Dataset excerpts
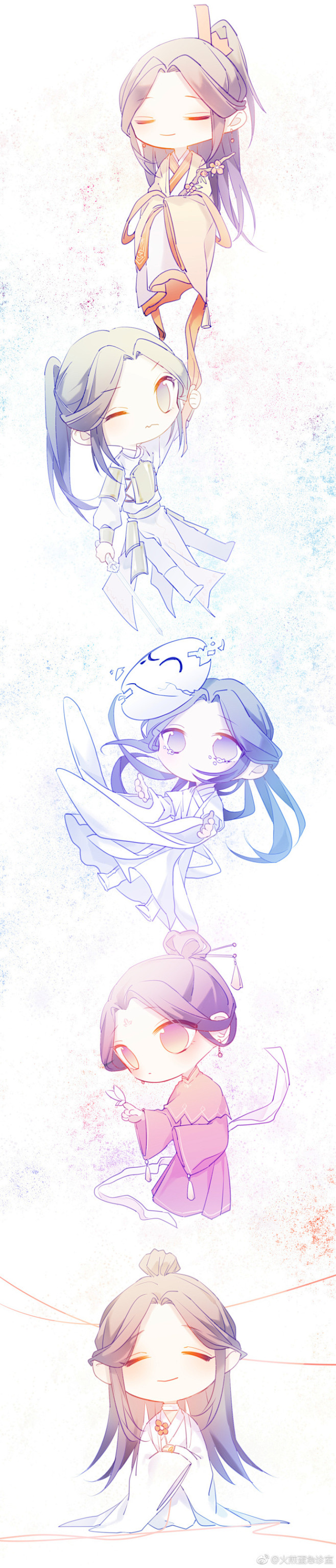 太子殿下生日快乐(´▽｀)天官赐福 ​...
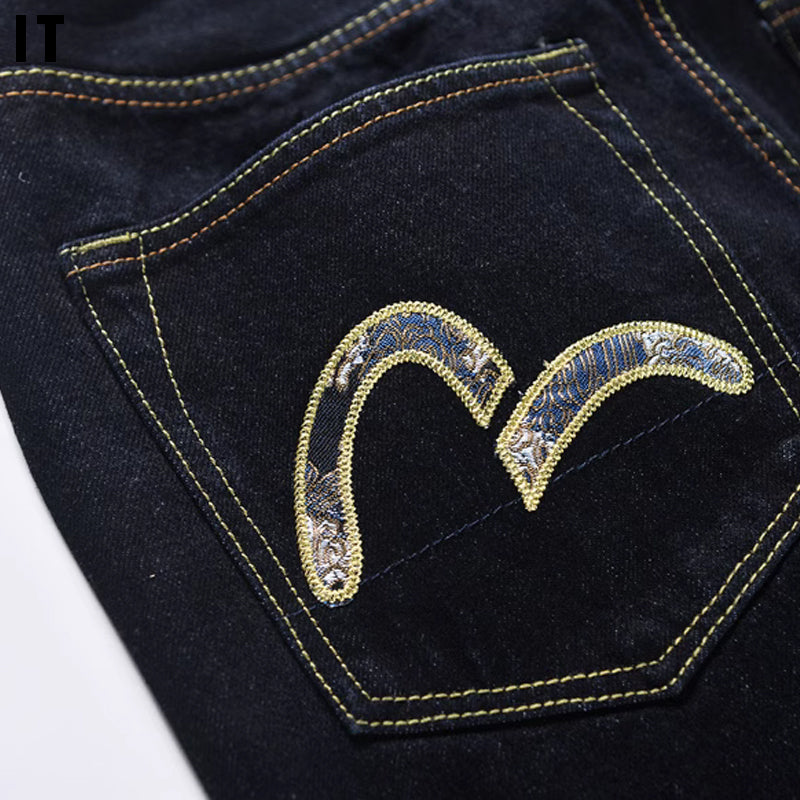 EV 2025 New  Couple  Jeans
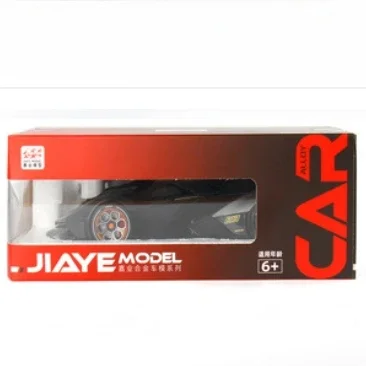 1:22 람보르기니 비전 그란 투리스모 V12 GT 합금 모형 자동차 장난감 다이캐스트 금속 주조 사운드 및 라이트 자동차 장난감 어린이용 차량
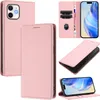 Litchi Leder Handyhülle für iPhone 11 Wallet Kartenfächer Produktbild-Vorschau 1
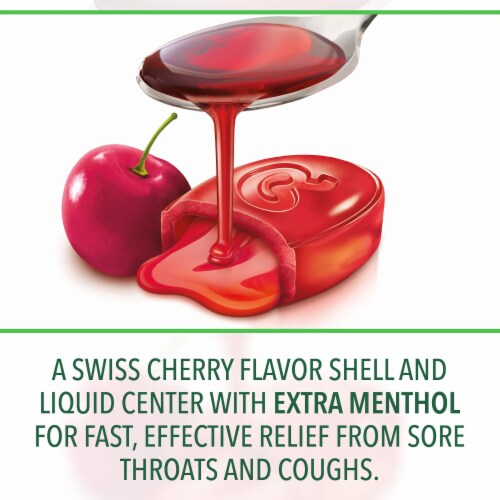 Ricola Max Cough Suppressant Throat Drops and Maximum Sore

* * *

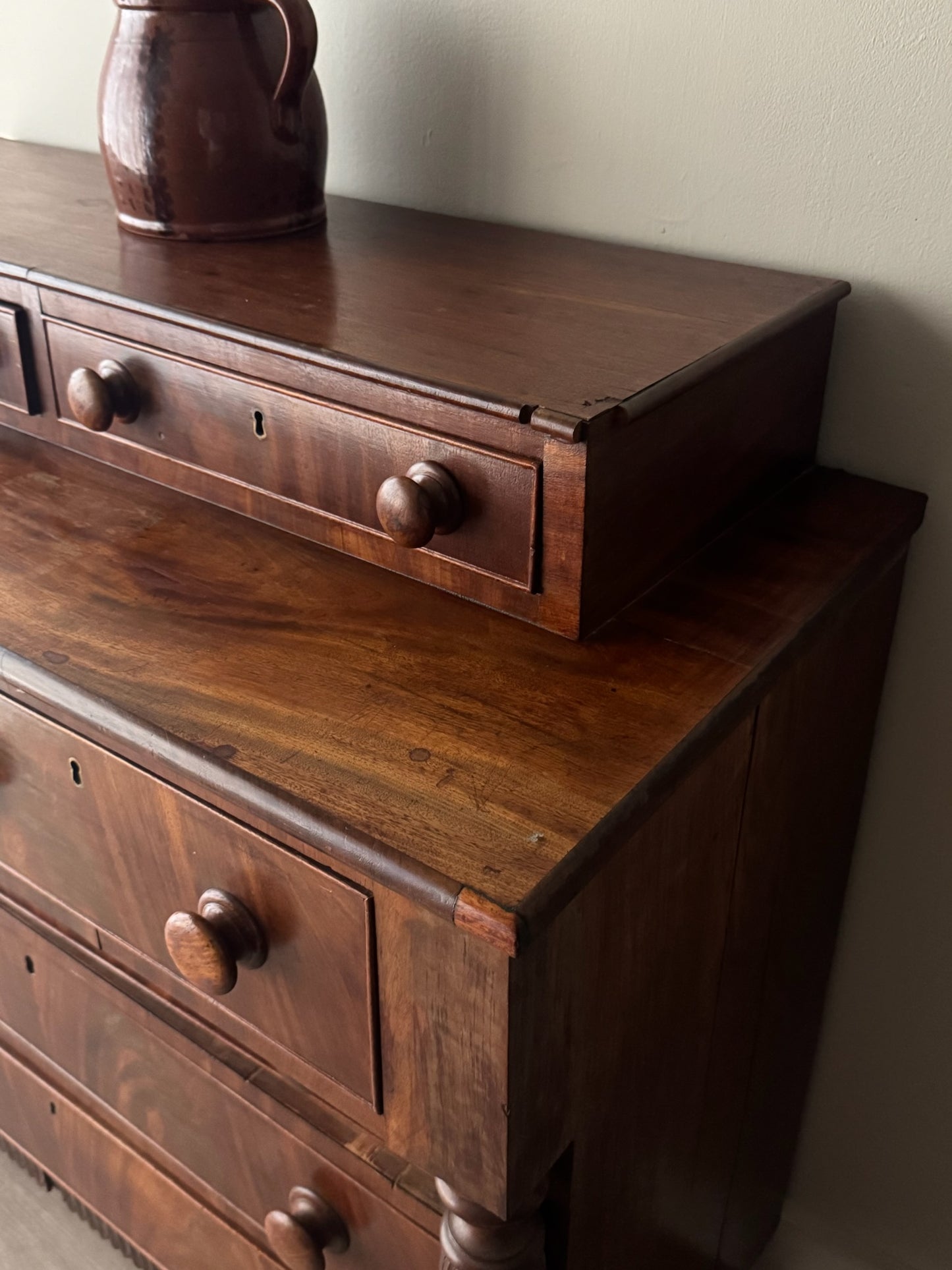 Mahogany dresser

==

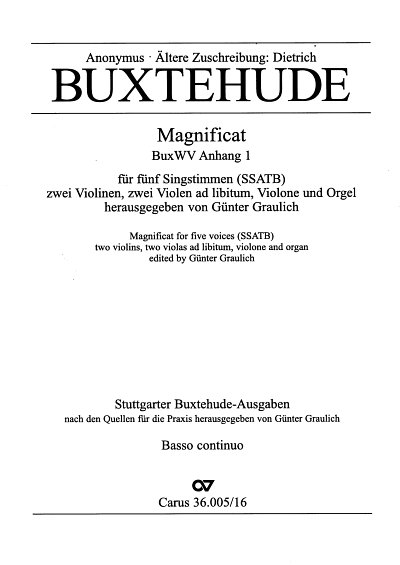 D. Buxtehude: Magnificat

What is needed
Using the data above, retype exactly the lines from the line with "太子殿下生日快乐(´▽｀)天官赐福 ​..." to the line with "Ricola Max Cough", inclusive. No pictures and nothing else.

Finished exercise
 太子殿下生日快乐(´▽｀)天官赐福 ​...
 EV 2025 New  Couple  Jeans
 1:22 람보르기니 비전 그란 투리스모 V12 GT 합금 모형 자동차 장난감 다이캐스트 금속 주조 사운드 및 라이트 자동차 장난감 어린이용 차량
 Litchi Leder Handyhülle für iPhone 11 Wallet Kartenfächer Produktbild-Vorschau 1
 Ricola Max Cough Suppressant Throat Drops and Maximum Sore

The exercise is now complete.